Israel's cruel choices

Editorial

The story of Israel is the story of successive difficult decisions. Forced by history and geography to respond to incessant dilemmas, to use a gentle term, the country's leaders have been forced to choose regularly between distasteful options.

One of the most brutal of these choices was realized last week when, in exchange for the bodies of two Israel Defence Forces soldiers, Israel delivered to Lebanon Samir Kuntar, a participant in one of Israel's most heartbreaking terrorist incidents, four other prisoners and 199 exhumed bodies of Lebanese terrorists.

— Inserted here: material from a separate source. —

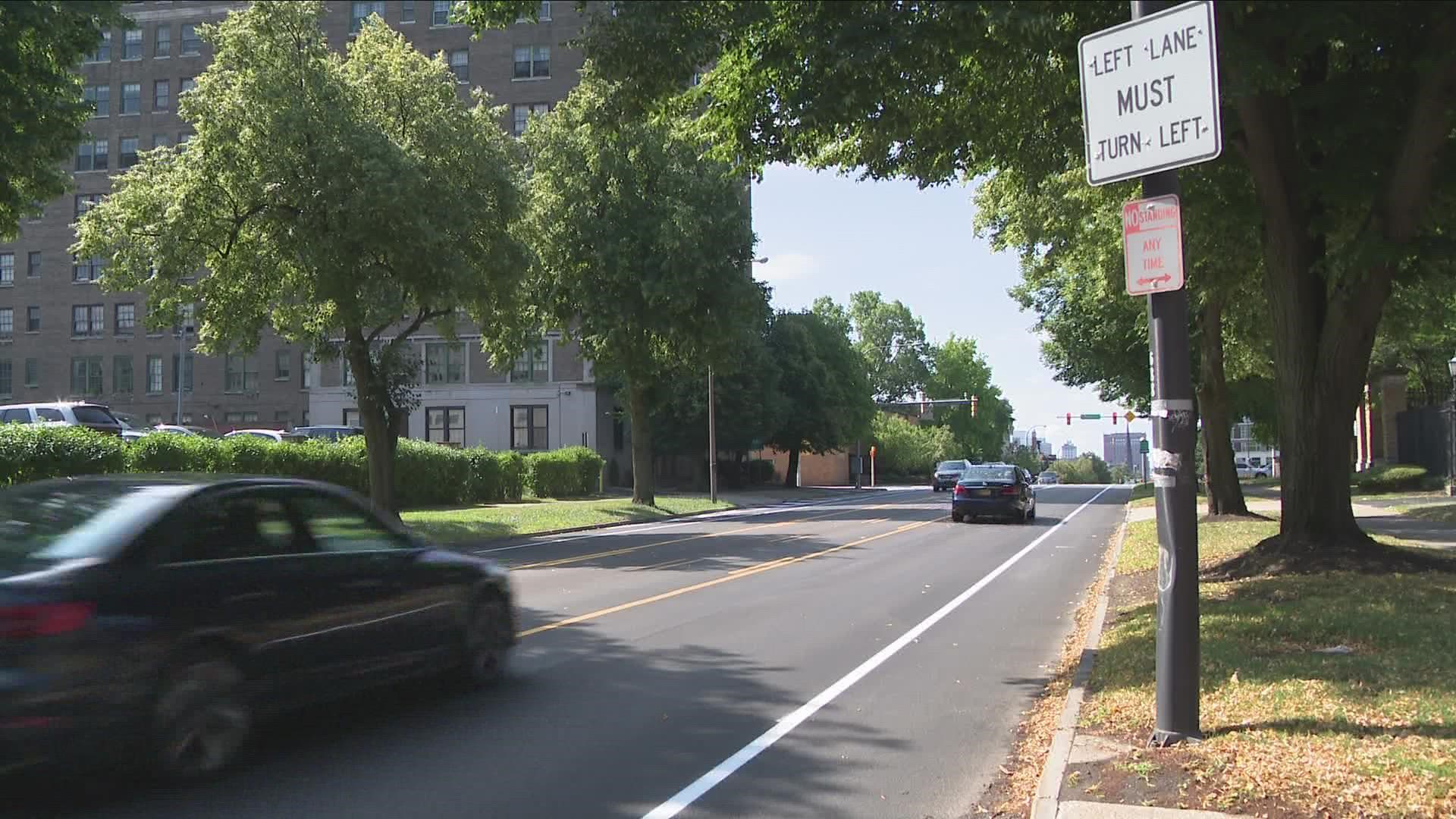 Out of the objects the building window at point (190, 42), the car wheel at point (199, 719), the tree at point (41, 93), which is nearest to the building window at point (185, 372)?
the building window at point (190, 42)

In exchange, Israel received the lifeless remains of Sgt. 1st Class Ehud Goldwasser and Staff Sgt. Eldad Regev, two Israeli reservists – part-time soldiers and full-time students – whose kidnapping sparked the summer 2006 Lebanon War. For two years, Lebanon has refused to confirm whether the two were alive or dead, leaving the families and the nation in an emotional limbo.

The IDF has an admirable policy of doing all it can to patriate the remains of soldiers, a guiding principle whose roots lie in the humanity of Judaism and the conviction that respect for human remains is evidence of respect for life itself. There has been a debate in the past, and it is now as vigorous as it has ever been, over whether this imperative – an intangible value – is worth the tangible potential brought on by freeing bloody-handed murderers, to say nothing of the encouragement such trades may give to future perpetrators. But that debate is for Israelis to have, and it is not for Diaspora Jews to second-guess.

As Israel mourned the loss of its young men – and relived the horrific circumstances of the monstrous crime that led to Kuntar's imprisonment – Lebanon rejoiced, welcoming the murderer home as a prodigal hero. This incident puts into the starkest relief imaginable, again, the moral chasm between Zionism and its enemies.